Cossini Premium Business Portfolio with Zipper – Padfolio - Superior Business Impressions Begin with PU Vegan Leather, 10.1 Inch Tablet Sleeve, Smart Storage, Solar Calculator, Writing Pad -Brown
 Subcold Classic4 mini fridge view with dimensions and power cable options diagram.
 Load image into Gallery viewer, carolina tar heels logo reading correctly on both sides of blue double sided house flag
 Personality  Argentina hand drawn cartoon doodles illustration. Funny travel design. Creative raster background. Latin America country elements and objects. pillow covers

* _What you will do_
All of the material should be copied verbatim.

* _Task solution_
Cossini Premium Business Portfolio with Zipper – Padfolio - Superior Business Impressions Begin with PU Vegan Leather, 10.1 Inch Tablet Sleeve, Smart Storage, Solar Calculator, Writing Pad -Brown
 Subcold Classic4 mini fridge view with dimensions and power cable options diagram.
 Load image into Gallery viewer, carolina tar heels logo reading correctly on both sides of blue double sided house flag
 Personality  Argentina hand drawn cartoon doodles illustration. Funny travel design. Creative raster background. Latin America country elements and objects. pillow covers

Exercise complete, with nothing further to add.